Regulation of potassium uptake in Caulobacter crescentus

Abstract

ABSTRACT Potassium (K + ) is an essential physiological element determining membrane potential, intracellular pH, osmotic/turgor pressure, and protein synthesis in cells. Here, we describe the regulation of potassium uptake systems in the oligotrophic α-proteobacterium Caulobacter crescentus known as a model for asymmetric cell division. We show that C. crescentus can grow in concentrations from the micromolar to the millimolar range by mainly using two K + transporters to maintain potassium homeostasis, the low-affinity Kup and the high-affinity Kdp uptake systems. When K + is not limiting, we found that the kup gene is essential while kdp inactivation does not impact the growth. In contrast, kdp becomes critical but not essential and kup dispensable for growth in K + -limited environments. However, in the absence of kdp , mutations in kup were selected to improve growth in K + -depleted conditions, likely by increasing the affinity of Kup for K + . In addition, mutations in the KdpDE two-component system, which regulates kdpABCDE expression, suggest that the inner membrane sensor regulatory component KdpD mainly works as a phosphatase to limit the growth when cells reach late exponential phase. Our data therefore suggest that KdpE is phosphorylated by another non-cognate histidine kinase. On top of this, we determined the KdpE-dependent and independent K + transcriptome. Together, our work illustrates how an oligotrophic bacterium responds to fluctuation in K + availability. IMPORTANCE Potassium (K + ) is a key metal ion involved in many essential cellular processes.
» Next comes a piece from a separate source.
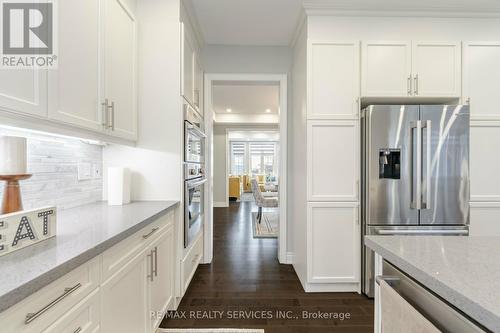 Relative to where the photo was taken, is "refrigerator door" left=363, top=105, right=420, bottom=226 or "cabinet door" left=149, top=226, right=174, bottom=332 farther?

Here, we show that the oligotroph Caulobacter crescentus can support growth at micromolar concentrations of K + by mainly using two K + uptake systems, the low-affinity Kup and the high-affinity Kdp. Using genome-wide approaches, we also determined the entire set of genes required for C. crescentus to survive at low K + concentration as well as the full K + -dependent regulon. Finally, we found that the transcriptional regulation mediated by the KdpDE two-component system is unconventional since unlike Escherichia coli , the inner membrane sensor regulatory component KdpD seems to work rather as a phosphatase on the phosphorylated response regulator KdpE~P.